= Sustainable Agriculture Research and Education Program =

The Sustainable Agriculture Research and Education (SARE) Program is a US based competitive grants and education program administered through the United States Department of Agriculture’s (USDA) National Institute of Food and Agriculture (NIFA), and run by four regional councils that set policy and make grants. The four regions, North Central, Northeast, South and West, are each guided by a volunteer Administrative Council that sets regional priorities. These councils include farmers and ranchers, representatives from universities, government, agribusiness and
nonprofit organizations. Since 1988, SARE has invested around $200 million in more than 5,000 initiatives. New York has had the most funded SARE projects, followed by Pennsylvania, Minnesota, and Wisconsin. Every US state has had at least 10 SARE grants since the program's inception.

==History==
SARE is supported by the National Institute of Food and Agriculture (NIFA), U.S. Department of Agriculture (USDA). It was initially authorized as the Low-Input Sustainable Agriculture (LISA) Program in the Food Security Act of 1985. In 1990, the Food, Agriculture, Conservation and Trade Act (FACTA) changed the name of the program and authorized the programs governing structure of regional Administrative Councils and host institutions.
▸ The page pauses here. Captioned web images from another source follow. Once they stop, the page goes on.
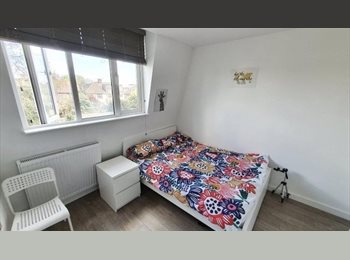 Roomgo UK - Double modern room in Acton Town, Gunnersbury - £801 pcm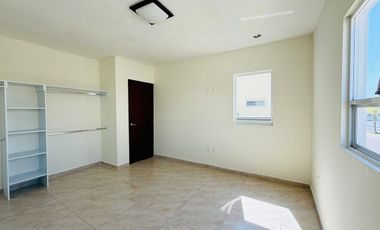 Casa amplia en renta Cañadas del Lago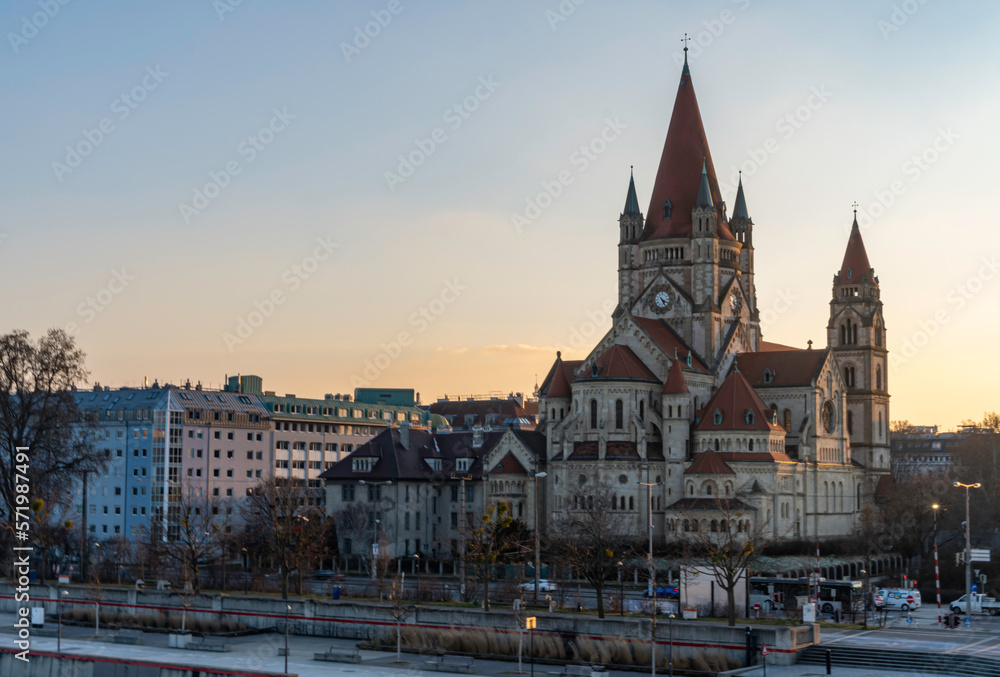 Church St. Francis of Assisi in the evening. St. Francis of Assisi Church (Kirche zum Heiligen Franz von Assisi), is a Basilica-style Catholic church in Vienna, Austria. Built between 1898 and 1910.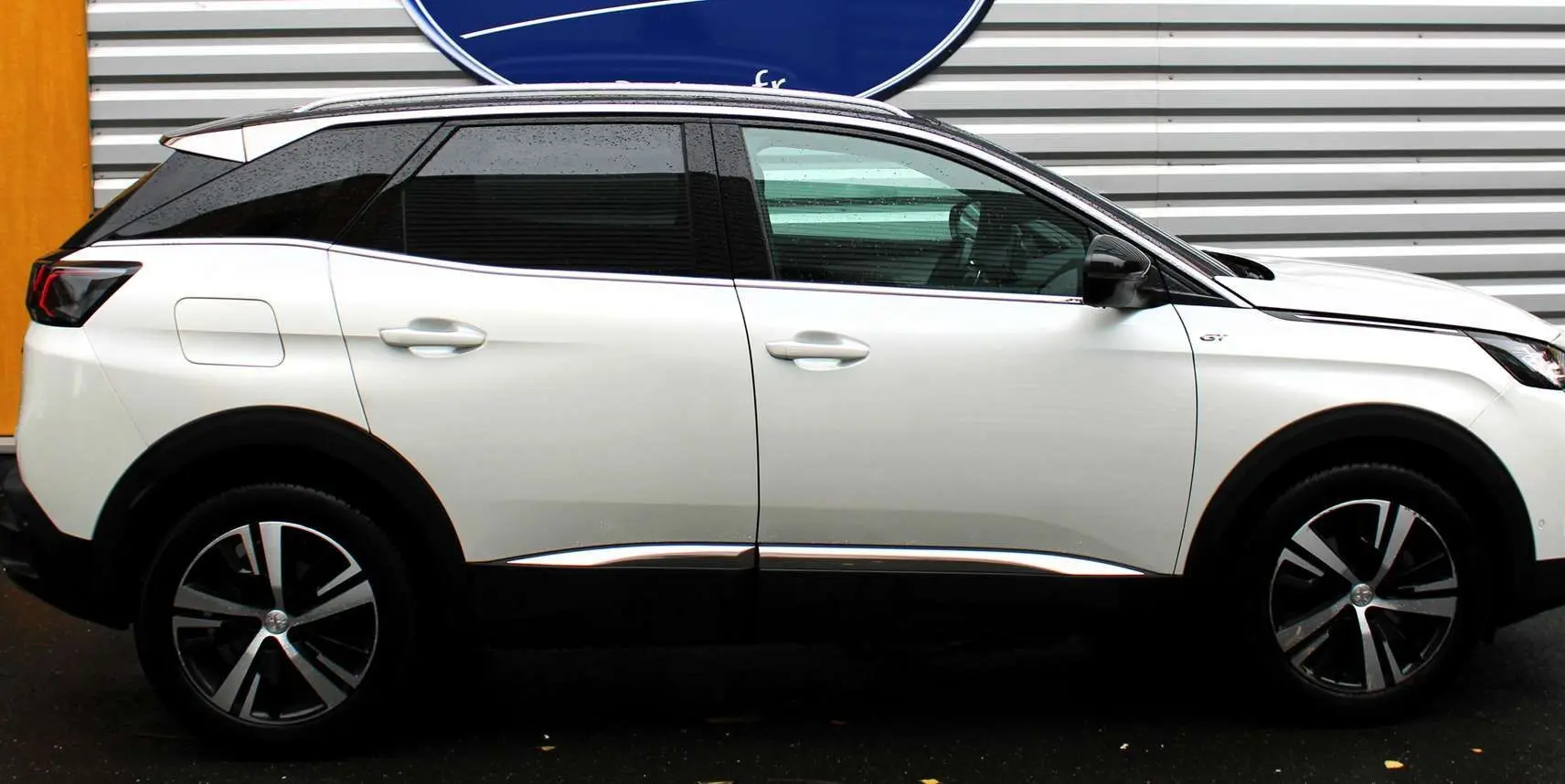 Peugeot 3008 blanc nacré vue de profil côté gauche, toit panoramique ouvrant et jantes bi-ton visibles.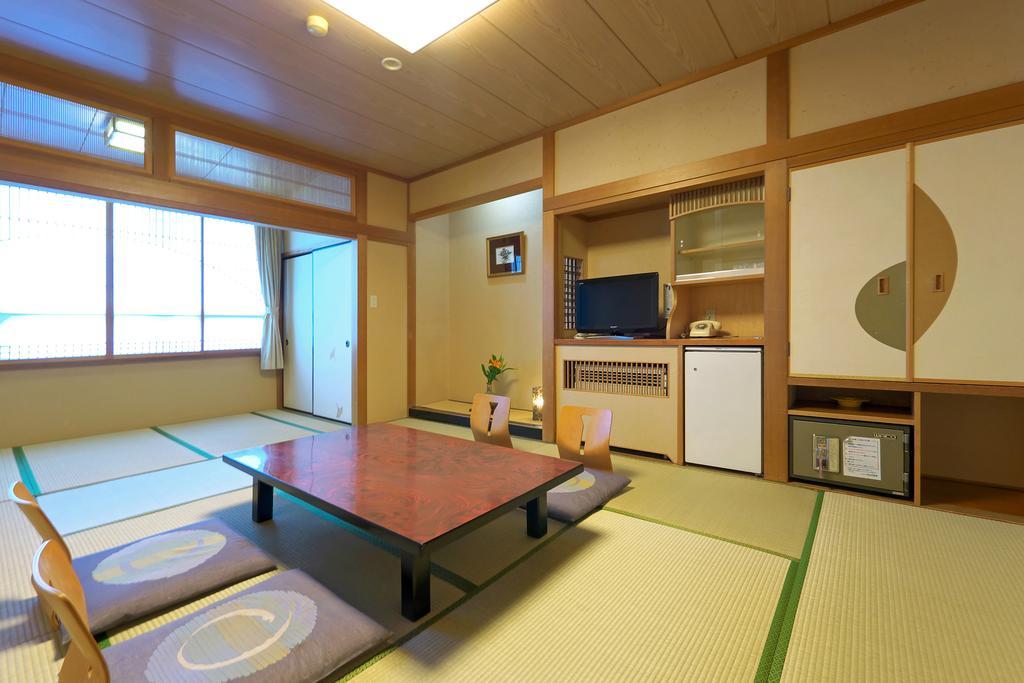 Awara Onsen Hot Spring Koubou Gurabaatei Quarto foto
Congress determined it should be funded at no less than $60 million a year, as per the recommendations of the National Academy of Sciences. However, annual appropriations have yet to reach this level, and are currently less than half. The 2014 Farm Bill did not modify the substance of the SARE program, but determined that the program will now have to be reauthorized in future farm bills, beginning in 2018. The 2014 Agriculture Appropriations Act consolidated funding for the SARE Professional Development Program (PDP) and the SARE Research and Education (R&E) grants into a single item. This means that funding decisions regarding how much of the total should go towards each of these program components is now left up to USDA, rather than Congress.